Cette situation doit changer, sans quoi la hausse des moyens n'aura que peu de répercussions sur l'amélioration du service public de la justice.
A. OCTROYER LES MOYENS NÉCESSAIRES À UN SERVICE PUBLIC DE LA JUSTICE « EN CRISE MAJEURE »12(*)
1. Les États généraux de la justice, un rapport accablant sur l'état de la justice
Les États généraux de la Justice ont été lancés le 18 octobre 2021 par le président de la République. Après deux mois dédiés aux consultations, en ligne et sur le terrain, des ateliers thématiques ont été conduits avec les professionnels, pour formuler des propositions. En parallèle, deux ateliers dits « délibératifs » ont été organisés avec des citoyens pour approfondir certains sujets jugés « sources de débat ». Les recommandations ont été évaluées et restituées au début de l'année 2022, avant que le comité des États généraux de la Justice ne donne son avis, à la fin du mois de février 2022.
Les 12 membres du comité des États généraux de la Justice
Jean-Marc SAUVÉ - Président du comité des États généraux de la Justice, Vice-président du Conseil d'État (2006-2018)
Chantal ARENS - Première présidente de la Cour de cassation
Yaël BRAUN-PIVET - Présidente de la commission des lois de l'Assemblée nationale
François-Noël BUFFET - Président de la commission des lois au Sénat
Bénédicte FAUVARQUE-COSSON - Conseillère d'État
Jérôme GAVAUDAN - Président du Conseil national des barreaux
Christophe JAMIN - Professeur des Universités à Sciences Po
Henri LECLERC - Président d'honneur de la Ligue des droits de l'Homme
François MOLINS - Procureur général près la Cour de cassation
Yves SAINT-GEOURS - Membre du Conseil supérieur de la magistrature
Linos-Alexandre SICILIANOS - Juge à la Cour européenne des droits de l'homme (2011-2021)
Christian VIGOUROUX - Haut-fonctionnaire, déontologue
Les constats dressés par le comité des États généraux de la justice sont accablants et décrivent une crise grave de la justice. Selon le président du comité, la justice traverse en effet une double crise : une crise universelle, que d'autres pays connaissent et qui est celle d'une défiance de plus en plus grande envers la justice, et une crise nationale, celle du service public de la justice. Si cette crise est longtemps restée largement dissimulée, la crise sanitaire a agi comme un révélateur des dysfonctionnements de la justice.

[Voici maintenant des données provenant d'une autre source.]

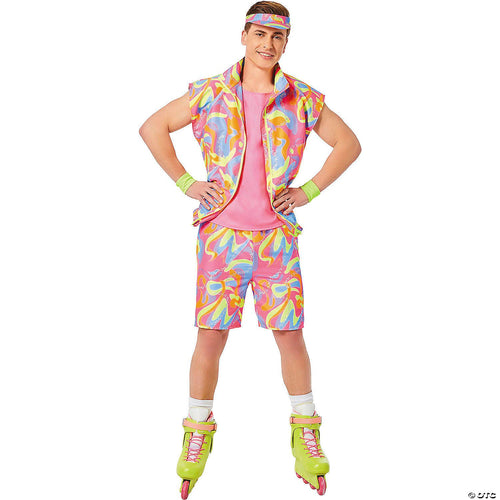 Adults Barbie Movie Pink & Yellow Skating Ken Costume
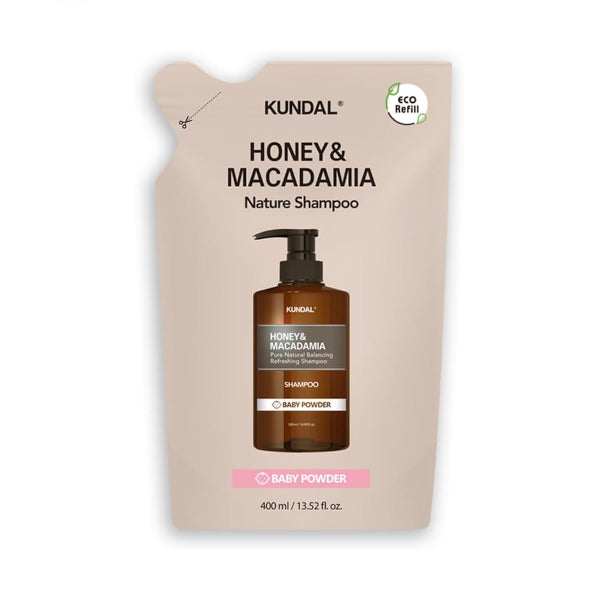 KUNDAL - Honey & Macadamia Nature Shampoo - Refill Pack - 400ml - Baby Powder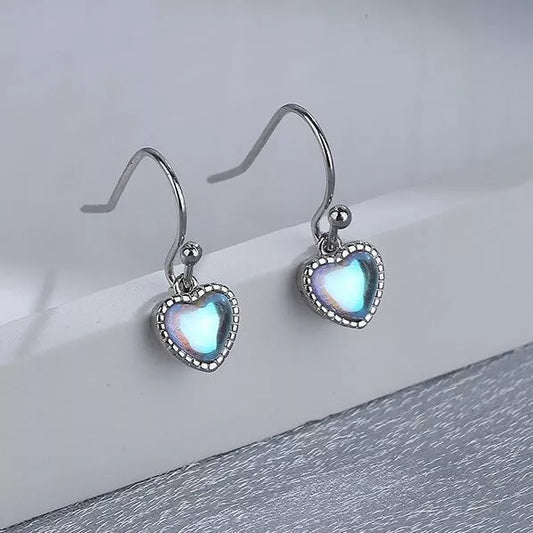Heart Moonstone 925 Silver Hook Earrings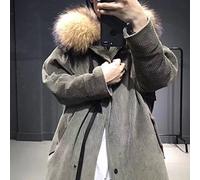 Desconocido HF Moda Floja Abajo Chaqueta Invierno Mujeres Pana Chaqueta Parker Blanco Pato Abajo Uniformes Militares Abajo Chaqueta,Gris,M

Selon le comité, l'une des deux explications derrière cette défaillance de la politique publique de la justice, en plus de la succession de réformes ponctuelles, réside dans une grave insuffisance des moyens, qu'ils soient humains ou budgétaires, par exemple pour mettre en place une véritable stratégie numérique. Le comité précise néanmoins que tout ne saurait procéder d'une hausse des moyens et qu'une réforme systémique de la justice doit être conduite. Le choix de recourir à des « rustines » pour « colmater les brèches dans un contexte de sous-dotation » a fait son temps et ne saurait répondre à « l'incompréhension des justiciables, [au] découragement des professionnels de justice et [aux] tensions avec les avocats »13(*).
Les États généraux de la justice ont permis « d'objectiver le constat » unanime porté sur l'état du service public de la justice. Ce constat ne peut qu'être partagé, le ministère ayant accumulé un important retard ces dernières décennies, que le dynamisme des crédits depuis quatre ans commence à peine à pouvoir combler.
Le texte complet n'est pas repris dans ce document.